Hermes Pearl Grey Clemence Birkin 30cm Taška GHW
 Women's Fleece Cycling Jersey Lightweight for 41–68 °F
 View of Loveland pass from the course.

========================================================================

▶ **Exercise objective**:
Print exactly the lines that run from the line containing "Women's Fleece Cycling" to the end of the data, both ends included.

▶ **Exercise response**:
 Women's Fleece Cycling Jersey Lightweight for 41–68 °F
 View of Loveland pass from the course.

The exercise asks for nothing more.